At its January public meeting, the Medicare Payment Advisory Commission (MedPAC) voted on its draft recommendations for fiscal year (FY) 2020 Medicare payment updates.
Payment and Other Policy Recommendations
MedPAC approved the following recommendations to Congress on provider payment updates:
- Hospital inpatient and outpatient services: Increase rates by 2% (projected current law update is 2.8%; see related hospital quality proposal, below)
- Physician and other health professional services: No update (current law)
- Ambulatory surgical centers (ASCs): No update
- Hospice: Reduce rates by 2%
- Skilled nursing facilities (SNFs): No update
- Home health: Reduce rates by 5%
- Inpatient rehabilitation facilities: Reduce rates by 5%
- Long-term care hospitals: Increase rates by 2%
- Outpatient dialysis: Increase rates by 1.9% (current law)
The Commission also recommended that Congress replace the current inpatient hospital quality penalty programs (i.e., readmissions, value-based purchasing, and hospital-acquired conditions) with the “Hospital Value Incentive Program” (HVIP). HVIP would include five measure domains, set prospective performance targets, provide a socioeconomic risk adjustment by placing hospitals into peer groups, and distribute a pool of funds to hospitals based on performance. The Commission discussed a payment withhold of 2% to 5% to fund the pool, but did not specify the withhold amount in its recommendation. Additionally, the 0.8 percentage point difference between the hospital update and the amount specified under current law would be added to the pool to increase payments under HVIP.

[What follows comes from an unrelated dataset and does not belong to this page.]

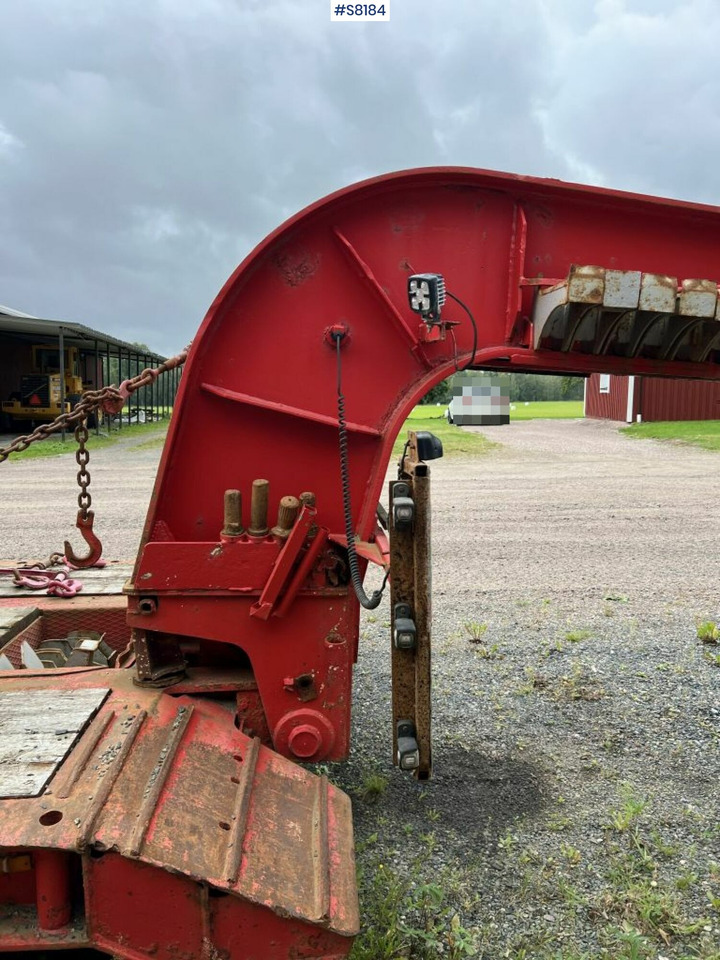 Machine trailer VM Trailer-52-4-PNKSSEO - Poluprikolica s niskim utovarivačem: slika Machine trailer VM Trailer-52-4-PNKSSEO - Poluprikolica s niskim utovarivačem Machine trailer VM Trailer-52-4-PNKSSEO - Poluprikolica s niskim utovarivačem: slika Machine trailer VM Trailer-52-4-PNKSSEO - Poluprikolica s niskim utovarivačem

- Congress should eliminate “incident to” billing and require advanced practice registered nurses and physician assistants to bill Medicare directly
- Health and Human Services (HHS) Secretary should require ASCs to report cost data
- HHS Secretary should annually recalibrate the relative weights of the case mix groups in the SNF prospective payment system to align payments and costs
Other Policy Discussions
MedPAC continued its discussion on opioids and their alternatives in the hospital setting, finding that both are available in overlapping price ranges, with no clear evidence that prices under the Medicare hospital payment systems incentivize use of opioids over non-opioids. MedPAC also discussed the lack of an opioid tracking system in Part A or Part B. Options to address this included requiring prescription drug event reporting by hospitals (either on claims or separately) and developing a measure for opioid use disorder to include in the Hospital-Acquired Condition Reduction Program or any replacement quality program. MedPAC will detail its work on this topic in its March 2019 report.

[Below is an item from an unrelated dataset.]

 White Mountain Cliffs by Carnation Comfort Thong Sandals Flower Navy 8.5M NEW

MedPAC staff also discussed an analysis of Medicare’s prescription drug program (Part D), finding that while overall Part D spending was relatively flat between 2016 and 2017, reinsurance payments to plans are growing as a share of spending. Under this policy, Medicare pays Part D plans 80% of spending over a beneficiary-specific catastrophic coverage threshold. MedPAC’s analysis found that more beneficiaries are triggering the catastrophic phase mainly due to the increase in the price of specialty drugs and biologics. The Commission expressed concern about beneficiaries facing high out-of-pocket expenses for drugs. MedPAC summarized its past work on lowering Part B and Part D drug costs and will continue to discuss this subject in the spring.

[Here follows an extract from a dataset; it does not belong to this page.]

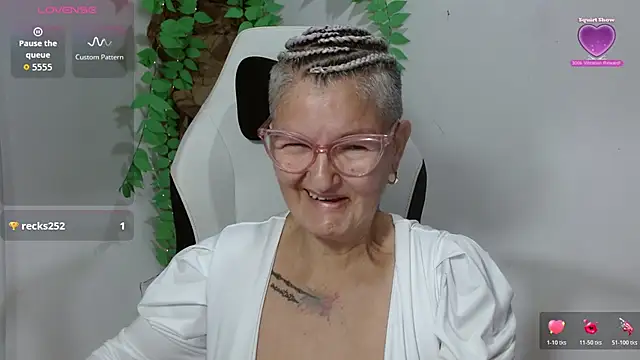 Snapshot of bety-cum2 chatting on March 23, 2026, 1:37 pm bety-cum2 online show from March 23, 2026, 1:37 pm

Finally, MedPAC staff presented its analysis of the Medicare Shared Savings Program’s performance, finding that the current retrospective assignment of beneficiaries encourages accountable care organizations (ACOs) to treat healthier beneficiaries over less healthy, costlier patients, and that ACOs incur higher financial risk if beneficiaries first see ACO clinicians when their health status declines. MedPAC has advocated for prospective assignment, which may mitigate this risk.